(Source data)
# # # # # # #
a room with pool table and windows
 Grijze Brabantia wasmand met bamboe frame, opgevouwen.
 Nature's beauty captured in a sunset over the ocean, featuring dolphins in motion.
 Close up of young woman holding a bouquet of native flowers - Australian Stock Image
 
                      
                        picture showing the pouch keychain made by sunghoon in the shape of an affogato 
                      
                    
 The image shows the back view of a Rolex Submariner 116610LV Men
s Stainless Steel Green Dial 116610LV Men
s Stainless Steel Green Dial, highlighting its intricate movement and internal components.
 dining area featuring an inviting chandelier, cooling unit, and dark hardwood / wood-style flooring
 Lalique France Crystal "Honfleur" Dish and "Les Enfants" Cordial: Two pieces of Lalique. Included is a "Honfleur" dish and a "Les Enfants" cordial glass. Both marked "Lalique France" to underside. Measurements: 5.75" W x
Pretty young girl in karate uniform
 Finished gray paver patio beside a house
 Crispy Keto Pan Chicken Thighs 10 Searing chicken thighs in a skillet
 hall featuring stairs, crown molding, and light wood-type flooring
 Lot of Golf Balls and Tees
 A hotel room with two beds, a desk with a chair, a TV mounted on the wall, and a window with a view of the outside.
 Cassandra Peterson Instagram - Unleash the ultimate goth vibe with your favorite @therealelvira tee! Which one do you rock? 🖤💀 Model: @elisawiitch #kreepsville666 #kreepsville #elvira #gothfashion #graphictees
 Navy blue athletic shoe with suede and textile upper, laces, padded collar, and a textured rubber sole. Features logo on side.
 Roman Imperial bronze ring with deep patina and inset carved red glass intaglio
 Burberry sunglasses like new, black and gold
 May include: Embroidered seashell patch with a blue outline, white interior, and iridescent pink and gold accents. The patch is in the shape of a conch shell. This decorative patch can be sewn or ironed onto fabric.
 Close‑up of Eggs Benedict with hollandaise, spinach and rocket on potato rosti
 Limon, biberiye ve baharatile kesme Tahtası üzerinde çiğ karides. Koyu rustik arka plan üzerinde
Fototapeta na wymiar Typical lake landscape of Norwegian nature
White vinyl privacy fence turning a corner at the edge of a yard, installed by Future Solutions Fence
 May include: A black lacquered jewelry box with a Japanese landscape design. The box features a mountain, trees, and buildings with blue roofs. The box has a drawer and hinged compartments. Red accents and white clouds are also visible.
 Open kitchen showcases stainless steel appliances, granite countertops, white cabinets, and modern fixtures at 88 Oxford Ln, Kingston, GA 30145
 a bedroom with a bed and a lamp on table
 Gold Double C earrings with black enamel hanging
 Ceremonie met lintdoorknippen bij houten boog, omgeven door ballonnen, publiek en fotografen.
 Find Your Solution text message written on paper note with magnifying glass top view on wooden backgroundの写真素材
# # # # # # #
### PROMPT
Please reproduce all of the entries exactly as they stand.

### EXERCISE SOLUTION
a room with pool table and windows
 Grijze Brabantia wasmand met bamboe frame, opgevouwen.
 Nature's beauty captured in a sunset over the ocean, featuring dolphins in motion.
 Close up of young woman holding a bouquet of native flowers - Australian Stock Image
 
                      
                        picture showing the pouch keychain made by sunghoon in the shape of an affogato 
                      
                    
 The image shows the back view of a Rolex Submariner 116610LV Men
s Stainless Steel Green Dial 116610LV Men
s Stainless Steel Green Dial, highlighting its intricate movement and internal components.
 dining area featuring an inviting chandelier, cooling unit, and dark hardwood / wood-style flooring
 Lalique France Crystal "Honfleur" Dish and "Les Enfants" Cordial: Two pieces of Lalique. Included is a "Honfleur" dish and a "Les Enfants" cordial glass. Both marked "Lalique France" to underside. Measurements: 5.75" W x
Pretty young girl in karate uniform
 Finished gray paver patio beside a house
 Crispy Keto Pan Chicken Thighs 10 Searing chicken thighs in a skillet
 hall featuring stairs, crown molding, and light wood-type flooring
 Lot of Golf Balls and Tees
 A hotel room with two beds, a desk with a chair, a TV mounted on the wall, and a window with a view of the outside.
 Cassandra Peterson Instagram - Unleash the ultimate goth vibe with your favorite @therealelvira tee! Which one do you rock? 🖤💀 Model: @elisawiitch #kreepsville666 #kreepsville #elvira #gothfashion #graphictees
 Navy blue athletic shoe with suede and textile upper, laces, padded collar, and a textured rubber sole. Features logo on side.
 Roman Imperial bronze ring with deep patina and inset carved red glass intaglio
 Burberry sunglasses like new, black and gold
 May include: Embroidered seashell patch with a blue outline, white interior, and iridescent pink and gold accents. The patch is in the shape of a conch shell. This decorative patch can be sewn or ironed onto fabric.
 Close‑up of Eggs Benedict with hollandaise, spinach and rocket on potato rosti
 Limon, biberiye ve baharatile kesme Tahtası üzerinde çiğ karides. Koyu rustik arka plan üzerinde
Fototapeta na wymiar Typical lake landscape of Norwegian nature
White vinyl privacy fence turning a corner at the edge of a yard, installed by Future Solutions Fence
 May include: A black lacquered jewelry box with a Japanese landscape design. The box features a mountain, trees, and buildings with blue roofs. The box has a drawer and hinged compartments. Red accents and white clouds are also visible.
 Open kitchen showcases stainless steel appliances, granite countertops, white cabinets, and modern fixtures at 88 Oxford Ln, Kingston, GA 30145
 a bedroom with a bed and a lamp on table
 Gold Double C earrings with black enamel hanging
 Ceremonie met lintdoorknippen bij houten boog, omgeven door ballonnen, publiek en fotografen.
 Find Your Solution text message written on paper note with magnifying glass top view on wooden backgroundの写真素材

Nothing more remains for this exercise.